I’m going to call upon a phrase often used by a professor with who I once studied: “That sounds good if you say it fast enough.”
Have you ever made a truly random investment decision? Have you ever heard of anyone having done so? What might a truly random investment decision look like?
“I’m buying XYZ because of good fundamentals.” That’s obviously not a random decision.
“I’m buying XYZ because of such-and-such technical signals.” That, too, obviously is not a random decision.
“I’m buying XYZ because the company’s products are cool.” That may be naïve, but it’s not random.
“I’m buying XYZ because my neighbor said it’s hot.” That may be foolish and reckless, but it’s not random decision.
“I’m selling XYZ because somebody in the background coughed too much during the conference call.” That’s bizarre, but not random.

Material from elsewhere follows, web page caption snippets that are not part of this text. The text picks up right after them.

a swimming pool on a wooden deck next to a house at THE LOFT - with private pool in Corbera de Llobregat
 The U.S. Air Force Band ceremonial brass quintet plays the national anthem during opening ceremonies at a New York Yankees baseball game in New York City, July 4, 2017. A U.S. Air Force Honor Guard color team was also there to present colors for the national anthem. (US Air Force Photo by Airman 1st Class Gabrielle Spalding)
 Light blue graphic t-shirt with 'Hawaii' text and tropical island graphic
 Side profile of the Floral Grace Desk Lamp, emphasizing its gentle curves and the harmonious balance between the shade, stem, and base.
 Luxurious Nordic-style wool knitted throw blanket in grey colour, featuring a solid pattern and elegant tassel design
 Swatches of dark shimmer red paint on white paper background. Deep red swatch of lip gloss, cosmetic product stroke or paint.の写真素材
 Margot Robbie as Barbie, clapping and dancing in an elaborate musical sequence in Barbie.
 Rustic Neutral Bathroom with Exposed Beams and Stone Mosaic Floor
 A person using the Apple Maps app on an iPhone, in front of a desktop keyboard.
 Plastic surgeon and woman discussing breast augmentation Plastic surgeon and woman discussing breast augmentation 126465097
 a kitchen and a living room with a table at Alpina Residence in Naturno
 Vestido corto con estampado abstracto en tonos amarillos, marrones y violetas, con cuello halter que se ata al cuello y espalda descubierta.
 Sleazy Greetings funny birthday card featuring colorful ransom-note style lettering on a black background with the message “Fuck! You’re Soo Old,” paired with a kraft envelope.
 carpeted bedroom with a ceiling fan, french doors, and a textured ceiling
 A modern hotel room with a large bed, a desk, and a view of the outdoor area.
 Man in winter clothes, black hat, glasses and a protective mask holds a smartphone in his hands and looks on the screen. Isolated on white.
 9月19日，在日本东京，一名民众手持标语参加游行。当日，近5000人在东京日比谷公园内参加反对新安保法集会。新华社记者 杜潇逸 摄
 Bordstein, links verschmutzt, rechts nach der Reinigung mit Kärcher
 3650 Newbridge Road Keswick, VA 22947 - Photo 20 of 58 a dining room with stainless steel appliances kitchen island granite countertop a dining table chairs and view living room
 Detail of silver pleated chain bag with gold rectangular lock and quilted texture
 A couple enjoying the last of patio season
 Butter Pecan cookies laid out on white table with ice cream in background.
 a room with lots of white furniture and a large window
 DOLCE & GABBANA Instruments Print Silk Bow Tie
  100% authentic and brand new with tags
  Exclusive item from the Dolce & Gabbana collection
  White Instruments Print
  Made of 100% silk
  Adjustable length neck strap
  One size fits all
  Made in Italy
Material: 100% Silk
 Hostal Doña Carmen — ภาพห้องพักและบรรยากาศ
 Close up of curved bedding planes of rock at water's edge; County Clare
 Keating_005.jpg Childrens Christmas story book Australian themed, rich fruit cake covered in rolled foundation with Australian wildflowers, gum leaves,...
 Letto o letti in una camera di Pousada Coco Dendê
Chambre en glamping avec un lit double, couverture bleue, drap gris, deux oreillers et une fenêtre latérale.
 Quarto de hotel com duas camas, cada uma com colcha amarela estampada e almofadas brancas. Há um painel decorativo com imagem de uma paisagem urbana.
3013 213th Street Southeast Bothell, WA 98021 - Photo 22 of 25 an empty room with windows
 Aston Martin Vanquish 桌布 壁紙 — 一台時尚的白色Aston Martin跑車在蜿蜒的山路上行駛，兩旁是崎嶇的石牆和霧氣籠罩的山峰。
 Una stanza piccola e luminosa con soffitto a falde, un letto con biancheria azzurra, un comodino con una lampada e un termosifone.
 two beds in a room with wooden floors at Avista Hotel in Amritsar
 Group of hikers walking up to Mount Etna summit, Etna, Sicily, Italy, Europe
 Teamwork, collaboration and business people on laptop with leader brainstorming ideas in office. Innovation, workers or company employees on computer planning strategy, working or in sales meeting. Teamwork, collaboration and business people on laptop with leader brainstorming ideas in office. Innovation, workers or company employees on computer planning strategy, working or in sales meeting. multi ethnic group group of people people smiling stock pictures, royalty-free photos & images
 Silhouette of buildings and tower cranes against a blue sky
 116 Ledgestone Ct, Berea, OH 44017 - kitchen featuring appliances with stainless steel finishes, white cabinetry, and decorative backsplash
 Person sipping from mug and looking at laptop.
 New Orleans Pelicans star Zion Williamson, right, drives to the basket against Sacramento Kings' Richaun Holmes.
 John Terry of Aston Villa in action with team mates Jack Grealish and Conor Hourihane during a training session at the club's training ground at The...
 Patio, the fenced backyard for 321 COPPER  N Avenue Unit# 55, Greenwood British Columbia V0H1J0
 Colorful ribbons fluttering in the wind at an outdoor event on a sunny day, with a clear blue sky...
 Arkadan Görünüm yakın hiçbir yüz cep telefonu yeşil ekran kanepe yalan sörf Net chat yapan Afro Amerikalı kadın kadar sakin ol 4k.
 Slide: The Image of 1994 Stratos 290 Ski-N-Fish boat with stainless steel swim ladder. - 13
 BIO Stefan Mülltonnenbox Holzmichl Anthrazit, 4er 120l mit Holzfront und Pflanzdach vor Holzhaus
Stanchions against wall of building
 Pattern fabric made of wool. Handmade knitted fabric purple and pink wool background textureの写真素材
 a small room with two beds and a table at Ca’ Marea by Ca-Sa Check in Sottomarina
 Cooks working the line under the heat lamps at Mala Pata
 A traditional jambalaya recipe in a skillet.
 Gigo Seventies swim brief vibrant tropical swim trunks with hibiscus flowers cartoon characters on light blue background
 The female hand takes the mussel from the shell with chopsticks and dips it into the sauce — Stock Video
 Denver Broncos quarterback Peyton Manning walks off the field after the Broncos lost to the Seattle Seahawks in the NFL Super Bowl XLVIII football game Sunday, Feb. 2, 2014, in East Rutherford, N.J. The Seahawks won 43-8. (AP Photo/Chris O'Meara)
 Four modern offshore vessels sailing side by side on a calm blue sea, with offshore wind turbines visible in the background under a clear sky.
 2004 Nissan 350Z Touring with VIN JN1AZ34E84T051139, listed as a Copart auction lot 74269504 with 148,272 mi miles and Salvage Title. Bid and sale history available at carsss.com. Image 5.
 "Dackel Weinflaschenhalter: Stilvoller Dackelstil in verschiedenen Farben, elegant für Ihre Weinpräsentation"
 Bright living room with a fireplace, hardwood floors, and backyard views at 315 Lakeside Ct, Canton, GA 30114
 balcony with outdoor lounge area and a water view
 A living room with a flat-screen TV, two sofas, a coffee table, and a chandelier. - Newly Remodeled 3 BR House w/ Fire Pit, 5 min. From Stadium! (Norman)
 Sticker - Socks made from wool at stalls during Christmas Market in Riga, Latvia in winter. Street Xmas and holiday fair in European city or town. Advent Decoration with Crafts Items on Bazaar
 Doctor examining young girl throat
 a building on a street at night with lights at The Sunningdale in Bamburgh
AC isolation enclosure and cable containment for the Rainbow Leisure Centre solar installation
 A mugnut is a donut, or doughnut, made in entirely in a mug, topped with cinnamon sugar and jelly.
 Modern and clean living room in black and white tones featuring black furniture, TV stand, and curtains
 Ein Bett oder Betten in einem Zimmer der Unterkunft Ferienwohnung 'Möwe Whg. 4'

To us, the sum total of all these decisions, and a gazillion like them, may appear random. But are they truly random, or is that a function of our inability to create and implement, say, a model that looks like this:
- Good fundamentals according to the criteria of Investor A (something%) higher is better
- Good fundamentals according to the criteria of Investor B (something%) higher is better
- Good fundamentals according to the criteria of Investor C (something%) higher is better
- Good technicals according to the criteria of Investor D (something%) higher is better
- Good technicals according to the criteria of Investor E (something%) higher is better
- Products Investor E will like enough to cause him to buy the stock (something%) higher is better
- Products Investor F will like enough to cause him to buy the stock (something%) higher is better
- Bullish gossip from the neighbor of Investor G AND Investor G’s willingness to act on it (something%) higher is better
- A nagging cough on the part of Mr. X, the CFO AND Investor H’s inclination to be freaked out by this sort of thing (something%) lower is better
- Etc. etc. etc. for a gazillion other factors involving a gazillion other investors, some silly, some brilliant and a whole bunch in between
We can’t create such a model today. But is it not possible we may be able to do it by, say, 2715?
As to why p123 folks can do well now . . . they don’t have models like this, but they may recognize, for example, that factor one involves criteria can be articulated and given that it’s likely to be shared by many investors, that it’s overall weight in the sort of models we are able to build ought to be somewhat high. Ditto #4, which implicitly may capture many unidentifiable instances of #6 and #7, however imperfectly as well as even #8. As for #9 and #10, well, that’s why even the best p123 models can’t be expected to work perfectly 100% of the time.
Who are the folks who believe in randomness? They are those who don’t even try to comprehend the sort of dynamics of the above model, ignore the whole thing, throw up their hands, and say it’s random.